Limitations & Future Work

  • Specialists are portrayed by closed-source models such as GPT, resulting in high deployment costs and dependence on third-party APIs.
  • The triage specialty set is fixed at 7 categories, which may not cover all clinical scenarios.
  • The three-tier difficulty stratification relies on ground-truth labels, which are unavailable at inference time.
  • Evaluation is limited to multiple-choice VQA; open-ended clinical reasoning and report generation are not addressed.

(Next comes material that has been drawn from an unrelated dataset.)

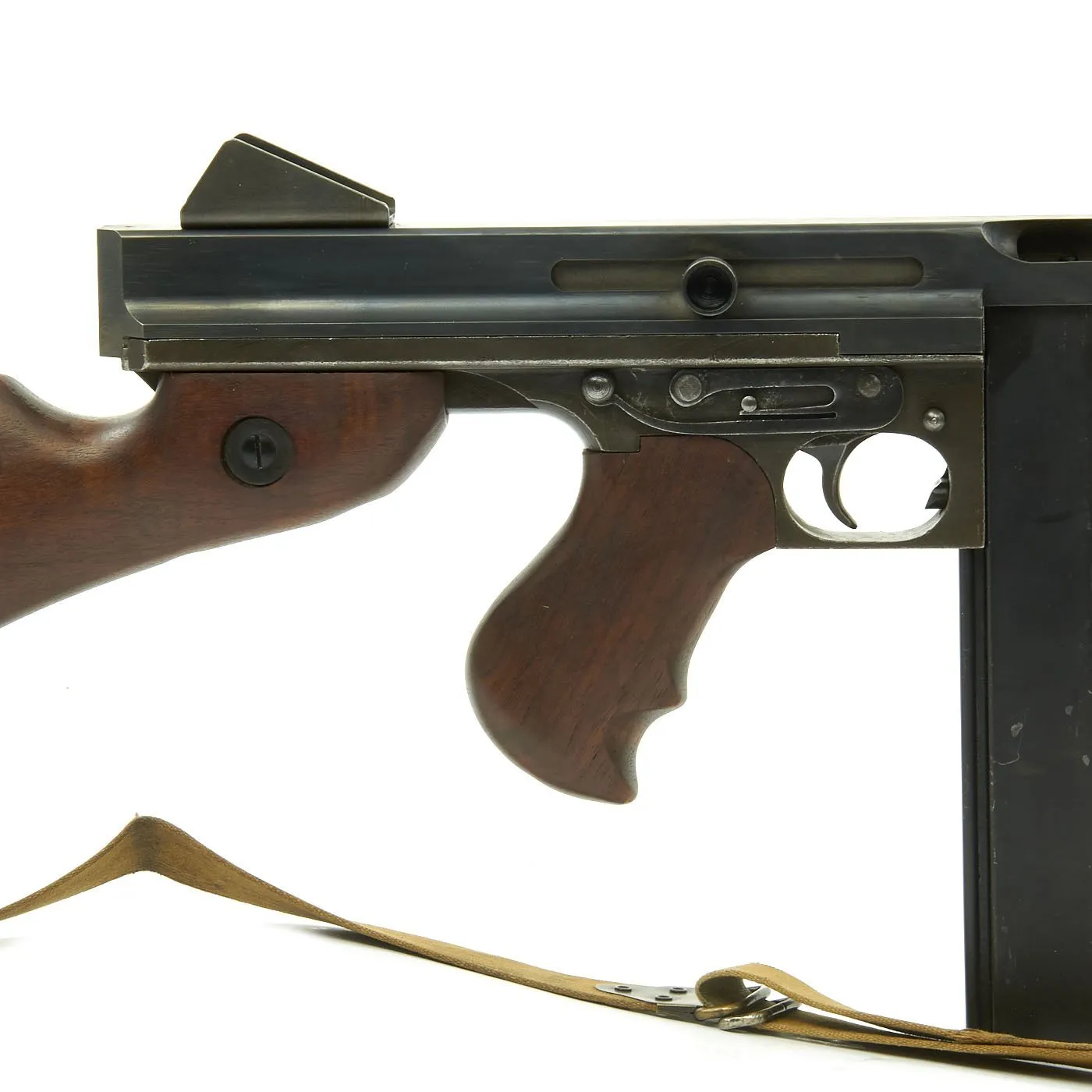 Original U.S. WWII Thompson M1A1 Display Submachine Gun with Steel Display Receiver - Serial 192439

  • The theoretical analysis rests on strong assumptions (e.g., strong convexity) that may not hold for practical deep networks.

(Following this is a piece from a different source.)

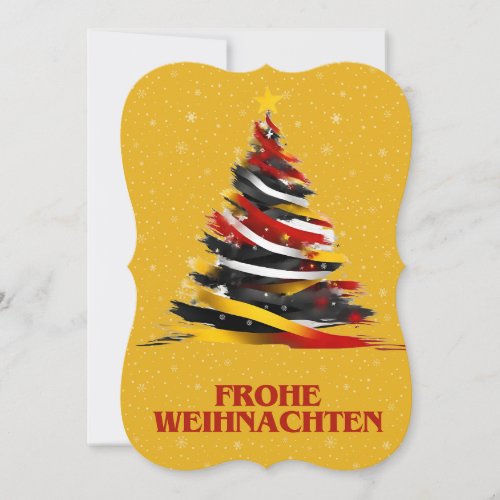 german flag inspired christmas card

  • Medical VLMs: Single-agent models including LLaVA-Med, HuatuoGPT-Vision, and VILA-M3.
  • Medical Multi-Agent Systems: Agent Hospital, MedAgents, and MDAgents — all rely on static, pre-defined pipelines.

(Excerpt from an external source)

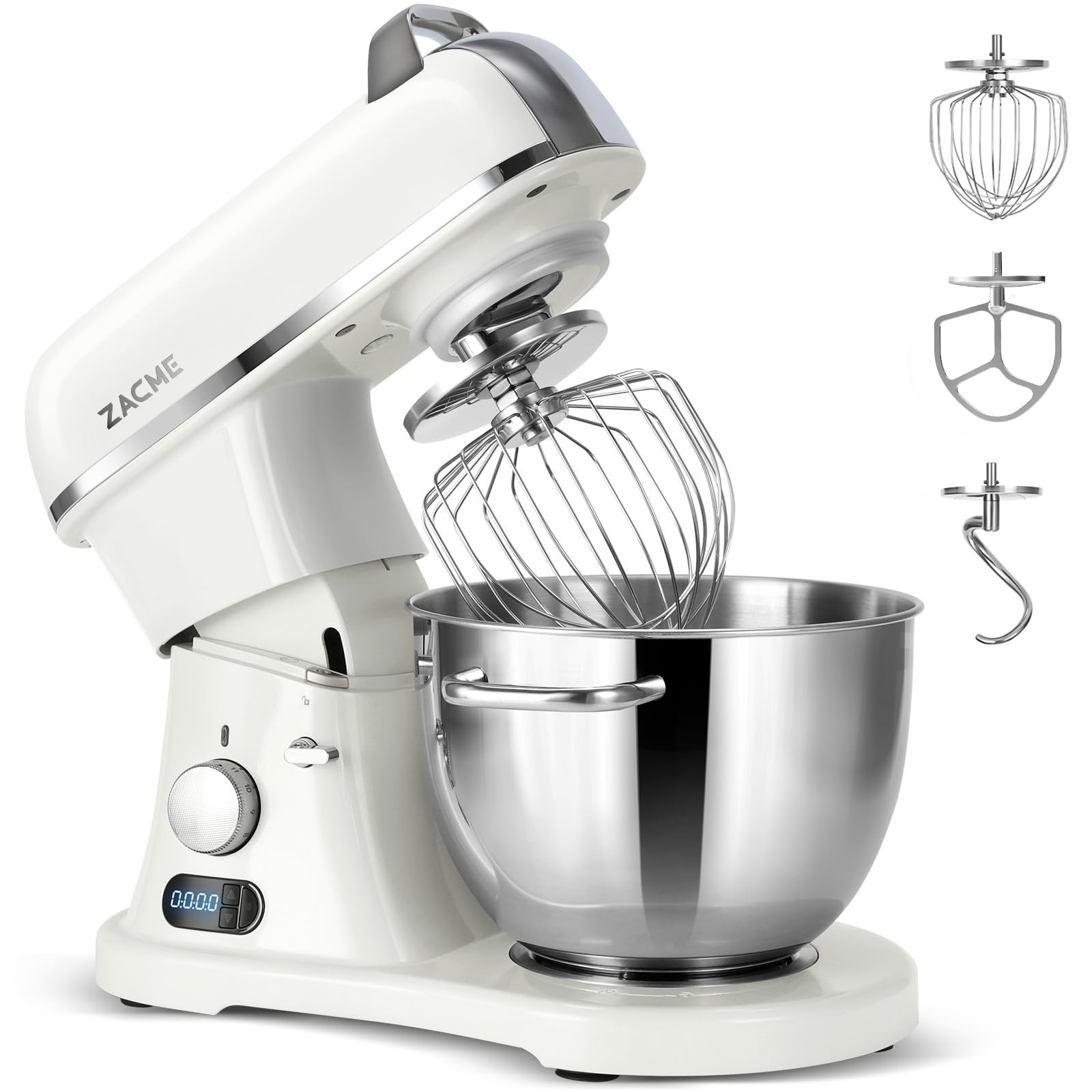 ZACME 8.4QT Commercial Stand Mixer 800W with Aluminum Die Casting Meets the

  • RL-Enhanced Reasoning: GRPO-based post-training paradigms such as DeepSeek-R1 and VLM-R1.
  • Curriculum Learning: Progressive training from easy to hard (Bengio et al., 2009).

Rating

⭐⭐⭐⭐⭐ (5/5)

The method is elegantly designed; the entropy regulation strategy in C-MARL is both intuitively well-motivated and theoretically supported. The experiments are comprehensive and convincing, and the result of a 7B model surpassing GPT-4o is impressive. The integration of curriculum learning and RL establishes a new paradigm for multi-agent collaborative reasoning.